But it's become harder to get used to how very hot it has been in the past few years. I hated the extreme heatwave of 2022, where temperatures reached 40C for the first time (since records began) in the UK. With a baby and young children at home, we simply couldn't go outside. And when we could, everything was dead and quiet. It was depressing and frightening.
With the extreme heat projected in the coming decades, going outside in the summer will be harder: festivals and outdoor sports events will be too dangerous; opportunities for people to unwind and relax in nature may decrease.

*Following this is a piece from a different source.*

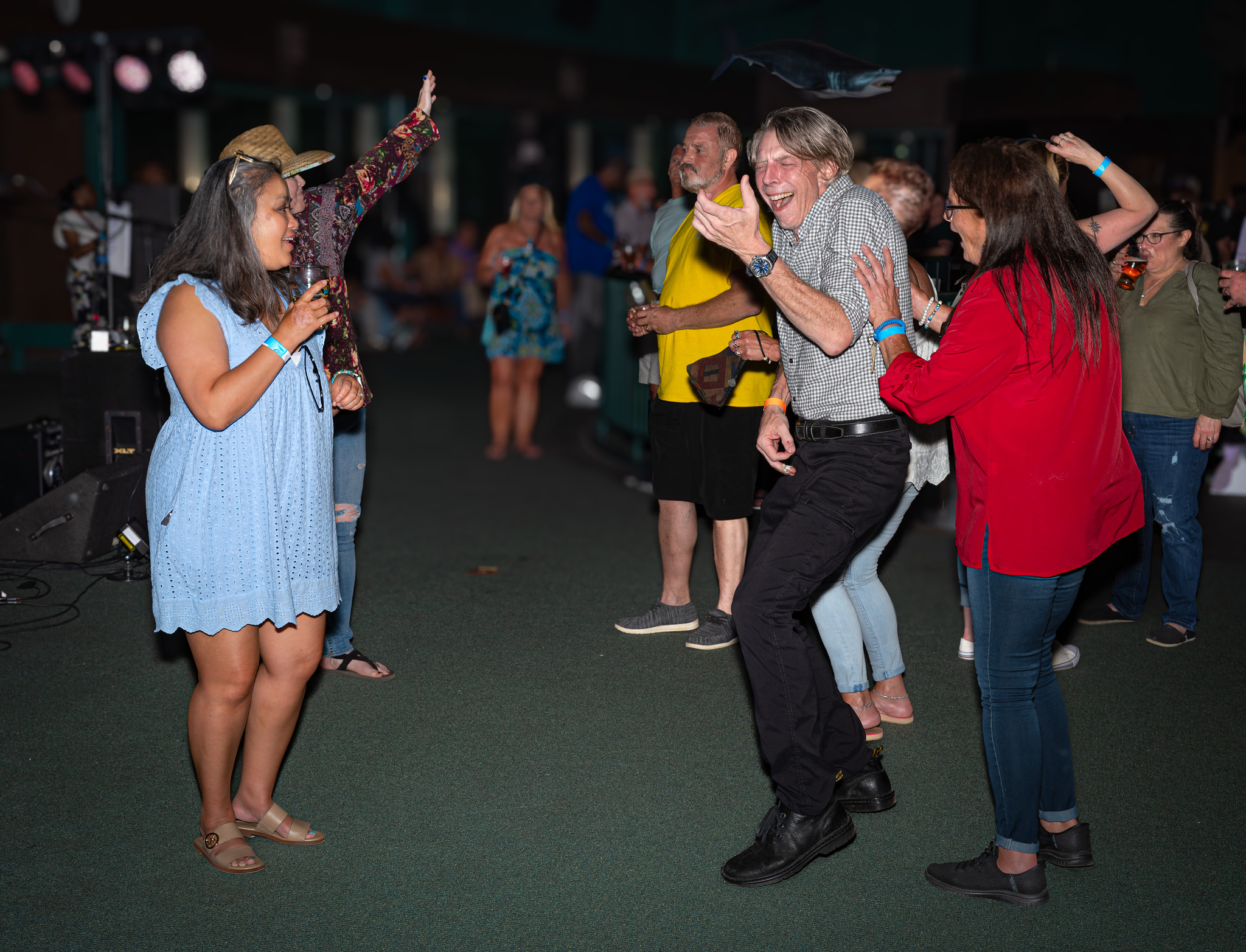 Guests dancing to live music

The impacts of climate change on the British summer will be unequal across class, race and socioeconomic lines. More deprived areas are less likely to have tree cover for shade. The homes of lower-income families, renters, those with children and ethnic minority households are more likely to overheat.
And the countries most vulnerable to severe climate-related breakdown - those in the global south, who are not responsible for climate change caused by human activity - are facing summers projected to be much more deadly and violent than those in the northern hemisphere.
But in the UK's new heatwaves and drought, the health of ecosystems - in other words, life - is threatened. Wildlife can become dehydrated and struggle to find food and water. Trees may die; plants may reduce flowering and seed production. Without food plants caterpillars can't survive, which means fewer butterflies and moths. If fruit ripens early, it may not be around for winter migrants such as fieldfares or redwings, or for hibernating species such as dormice. High temperatures and falling water levels threaten freshwater ecosystems by shrinking habitats and concentrating levels of pollutants and sewage.
When I approached our wildlife and nature NGOs about how the British summertime is playing out with the living world, they were keen to tell me what we can do to help our non-human neighbours. Suggestions included: increasing moisture-retaining wildflowers in public spaces and road verges; watering trees; keeping ponds topped up; leaving out shallow dishes of water with pebbles in them so bees and butterflies can safely drink too; letting areas of grass grow long; creating shade with log piles.
We know what the government and business need to do. Stop burning fossil fuels. Our leaders are going for economic growth at any cost, even if any cost means the collapse of the precious web of life on Earth as we know it. How many more record-breaking summers will we ignore?